Start of RECORDS FOR PROCESSING

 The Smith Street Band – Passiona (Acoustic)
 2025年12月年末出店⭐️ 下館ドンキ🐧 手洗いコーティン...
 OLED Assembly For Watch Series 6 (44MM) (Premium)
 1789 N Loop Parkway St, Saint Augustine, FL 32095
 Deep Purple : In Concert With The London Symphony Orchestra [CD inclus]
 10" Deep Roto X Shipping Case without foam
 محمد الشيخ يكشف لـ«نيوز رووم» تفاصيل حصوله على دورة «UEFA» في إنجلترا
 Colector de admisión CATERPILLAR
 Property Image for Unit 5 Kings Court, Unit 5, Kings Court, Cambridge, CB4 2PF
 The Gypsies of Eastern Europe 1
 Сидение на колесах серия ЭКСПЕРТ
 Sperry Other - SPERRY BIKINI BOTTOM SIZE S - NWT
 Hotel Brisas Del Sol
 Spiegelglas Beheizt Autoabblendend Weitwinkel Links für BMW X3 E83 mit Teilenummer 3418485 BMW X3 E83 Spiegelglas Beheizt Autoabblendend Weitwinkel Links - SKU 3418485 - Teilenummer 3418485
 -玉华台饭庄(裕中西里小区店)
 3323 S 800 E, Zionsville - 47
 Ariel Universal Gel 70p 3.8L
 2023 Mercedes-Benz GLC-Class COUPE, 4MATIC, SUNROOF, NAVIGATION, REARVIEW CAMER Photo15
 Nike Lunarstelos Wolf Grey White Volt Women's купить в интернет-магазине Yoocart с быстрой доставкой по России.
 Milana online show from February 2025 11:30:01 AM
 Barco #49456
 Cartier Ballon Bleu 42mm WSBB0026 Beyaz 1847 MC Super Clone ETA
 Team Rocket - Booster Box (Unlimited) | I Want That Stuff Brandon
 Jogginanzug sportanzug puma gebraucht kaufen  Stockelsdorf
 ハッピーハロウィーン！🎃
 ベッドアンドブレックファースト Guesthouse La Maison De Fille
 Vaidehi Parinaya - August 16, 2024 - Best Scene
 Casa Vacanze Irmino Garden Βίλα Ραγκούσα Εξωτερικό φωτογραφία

End of RECORDS FOR PROCESSING

## EXERCISE:
Would you write out all the records exactly as they read?

## EXERCISE SOLUTION:
 The Smith Street Band – Passiona (Acoustic)
 2025年12月年末出店⭐️ 下館ドンキ🐧 手洗いコーティン...
 OLED Assembly For Watch Series 6 (44MM) (Premium)
 1789 N Loop Parkway St, Saint Augustine, FL 32095
 Deep Purple : In Concert With The London Symphony Orchestra [CD inclus]
 10" Deep Roto X Shipping Case without foam
 محمد الشيخ يكشف لـ«نيوز رووم» تفاصيل حصوله على دورة «UEFA» في إنجلترا
 Colector de admisión CATERPILLAR
 Property Image for Unit 5 Kings Court, Unit 5, Kings Court, Cambridge, CB4 2PF
 The Gypsies of Eastern Europe 1
 Сидение на колесах серия ЭКСПЕРТ
 Sperry Other - SPERRY BIKINI BOTTOM SIZE S - NWT
 Hotel Brisas Del Sol
 Spiegelglas Beheizt Autoabblendend Weitwinkel Links für BMW X3 E83 mit Teilenummer 3418485 BMW X3 E83 Spiegelglas Beheizt Autoabblendend Weitwinkel Links - SKU 3418485 - Teilenummer 3418485
 -玉华台饭庄(裕中西里小区店)
 3323 S 800 E, Zionsville - 47
 Ariel Universal Gel 70p 3.8L
 2023 Mercedes-Benz GLC-Class COUPE, 4MATIC, SUNROOF, NAVIGATION, REARVIEW CAMER Photo15
 Nike Lunarstelos Wolf Grey White Volt Women's купить в интернет-магазине Yoocart с быстрой доставкой по России.
 Milana online show from February 2025 11:30:01 AM
 Barco #49456
 Cartier Ballon Bleu 42mm WSBB0026 Beyaz 1847 MC Super Clone ETA
 Team Rocket - Booster Box (Unlimited) | I Want That Stuff Brandon
 Jogginanzug sportanzug puma gebraucht kaufen  Stockelsdorf
 ハッピーハロウィーン！🎃
 ベッドアンドブレックファースト Guesthouse La Maison De Fille
 Vaidehi Parinaya - August 16, 2024 - Best Scene
 Casa Vacanze Irmino Garden Βίλα Ραγκούσα Εξωτερικό φωτογραφία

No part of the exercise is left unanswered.